[Laser] AM versus PAM
F1AVYopto at aol.com
F1AVYopto at aol.com
Thu Feb 23 01:09:51 EST 2006
James
I understand your project.
The simplest way you can try needs no complex filters and is very simple.
I use it in 1978 for audio communication with a 2W RCA pulsed laser.
The link was 5 Km long in daylight without optical filter and without
noise.
It needs only a fast front end to receive the pulses spectrum without to
much integration.
This front end is followed by an adjustable threshold detector that extracts
only the request peaks.
The extracted peaks trig a simple one shoot that give enlarged pulses.
With the FM pulse modulation frequency, the one shoot time is chosen for 1/2
duty cycle at the TX frequency rate.
The audio modulation change the pulses density so a simple RC filter
translate the one shoot pulses to a good audio modulation via a first order
integration.
In 1978 my schematics was very simple and archaic with discrete components.
The FM modulation used 8 KHz pulses rate.
The TX modulator was a simple two transistors multivibator with current
bases modulation.
The collector peaks from one of them trigged a thyristor to pulse the laser
(or the power LED)
Today a few ICs should give very simplest schematics.
If you wont I can send you directly the schematics I used.
May be you could adapt them to a new version.
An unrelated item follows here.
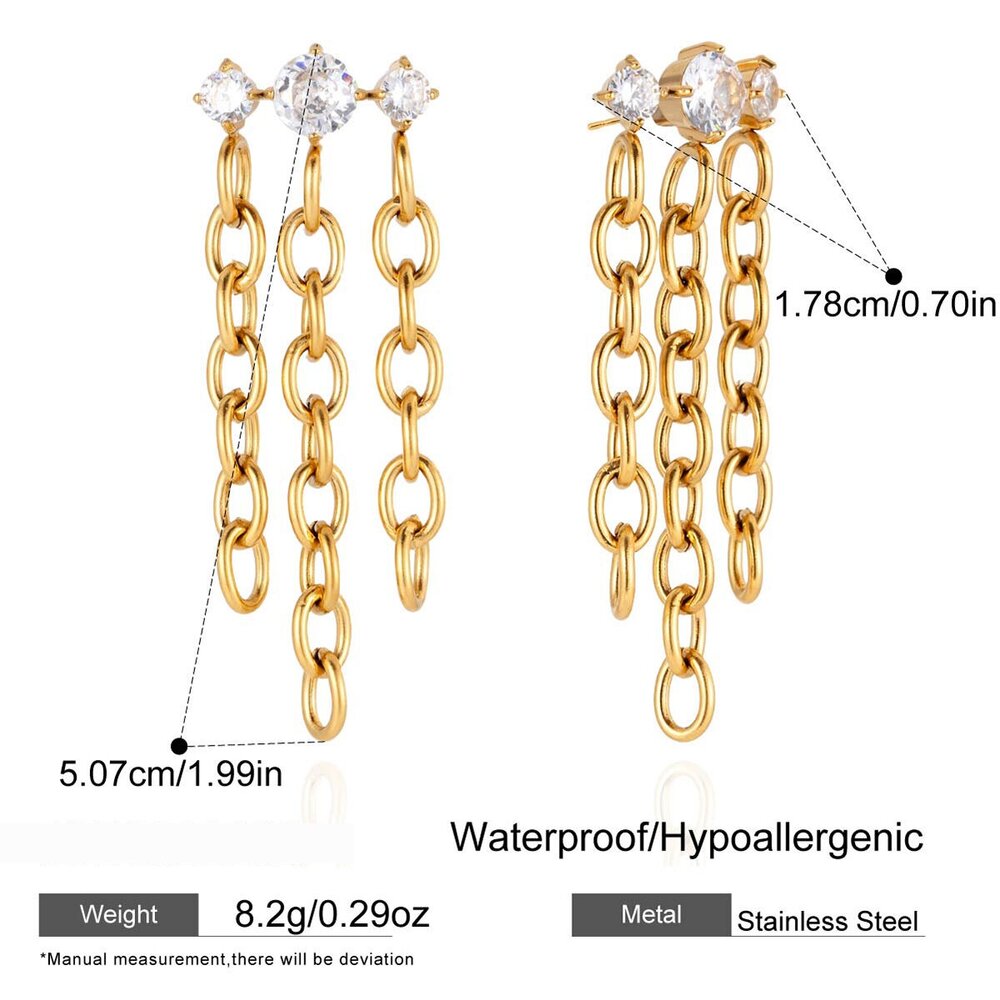 Lightweight Tassel Lines Stainless Steel Waterproof&Anti-Tarnish Gold Color Zircon Women's Dangle Earrings Picture2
The boxcar averager is a device that extracts repetitive pulses via
programmable time windows.
If you have for example one 10 nS pulse each second in your receiver (from
the moon..HI..),
If you know the arrival time probability, you can catch the pulses in a
temporal window (with a FET gate for example).
It is possible to add or average each stored energy during window.
The noise not correlate with itself but the expected signal adds itself like
the square root of the cycle’s number.
The S/N improvement can be fantastic...
73 Yves.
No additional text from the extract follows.